From the line containing "Logo Design by" down to the line containing "1765 Carlin Street, Reno, NV 89503 Photo", copy out the entries below exactly, both lines included, and nothing else; pictures do not belong in the copy.

Records drawn from a dataset

□ □ □ □

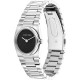 часовник,часовници,calvin,klein,unite,26mm,woman,watch,silver,(silver,black)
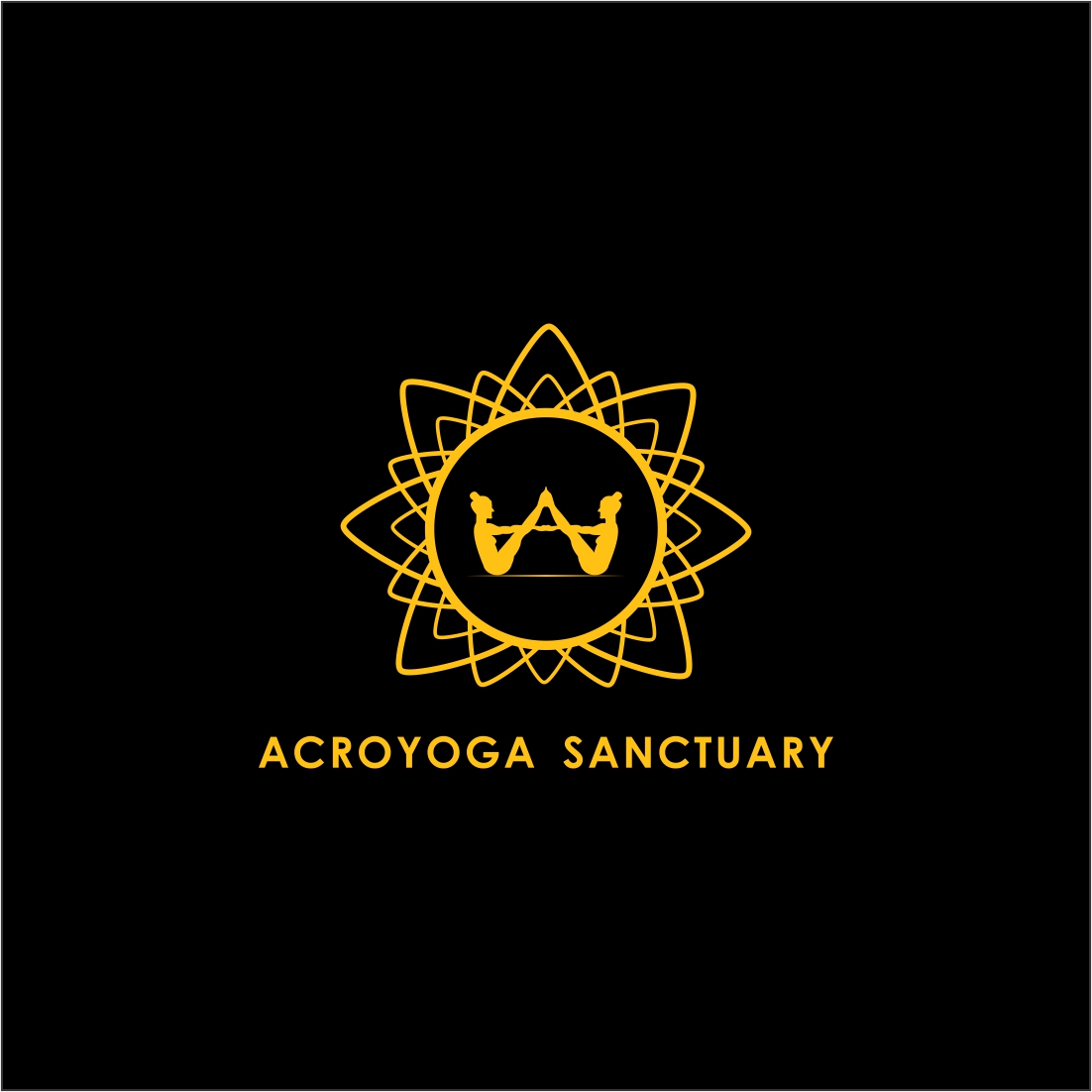 Logo Design by Bina Handika wari for this project | Design #19472525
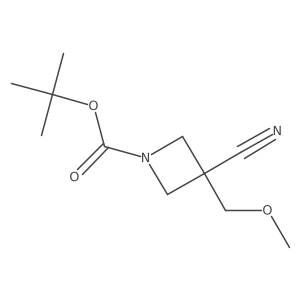 2680807-93-4 structure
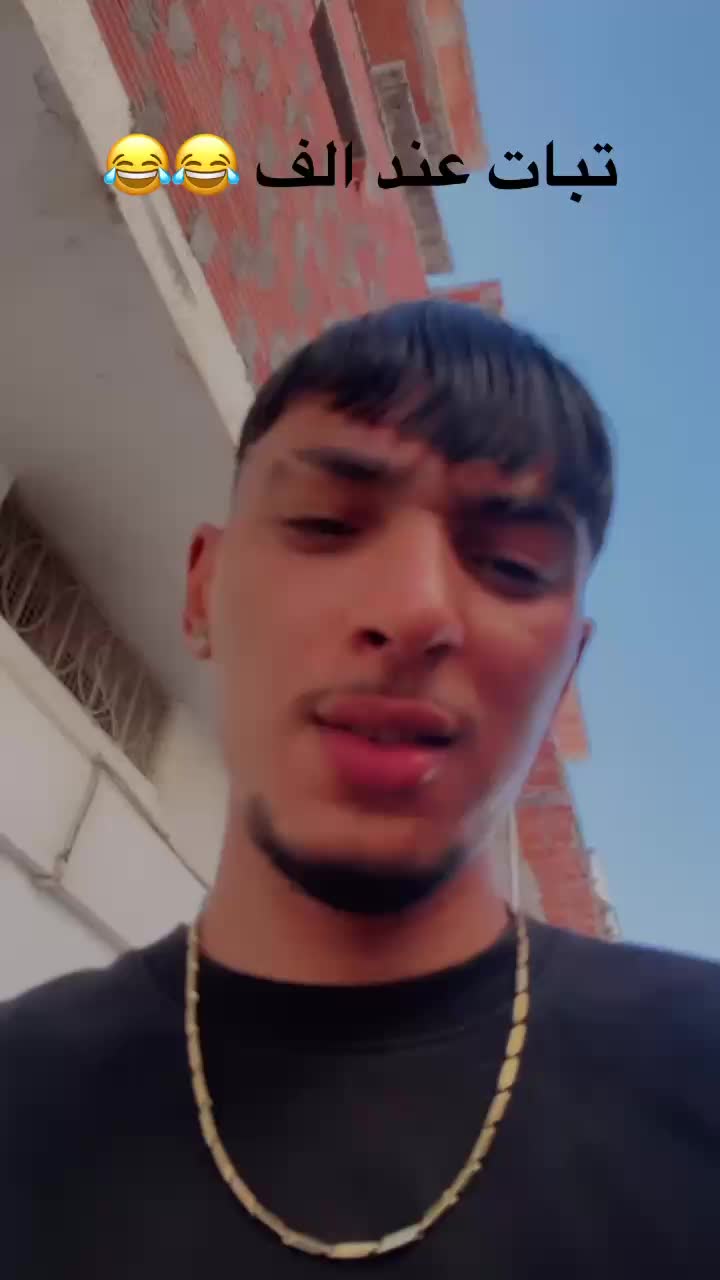 @saif_loko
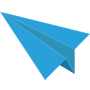 Email Extractor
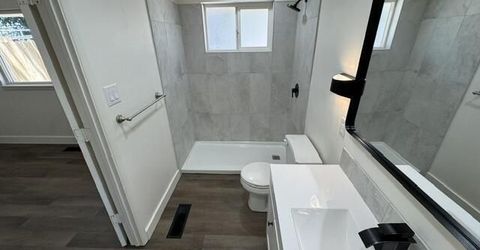 1765 Carlin Street, Reno, NV 89503 Photo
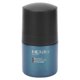thumbnail image 2 of Antitranspirante Roll On, Comfort 50 Ml, Antitranspirante Portátil Con Olor A Agua Para Las Axilas, Absorbe El Sudor Para Hombres Para El Día A Día, 2 of 7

□ □ □ □

> Solution for this exercise
 Logo Design by Bina Handika wari for this project | Design #19472525
 2680807-93-4 structure
 @saif_loko
 Email Extractor
 1765 Carlin Street, Reno, NV 89503 Photo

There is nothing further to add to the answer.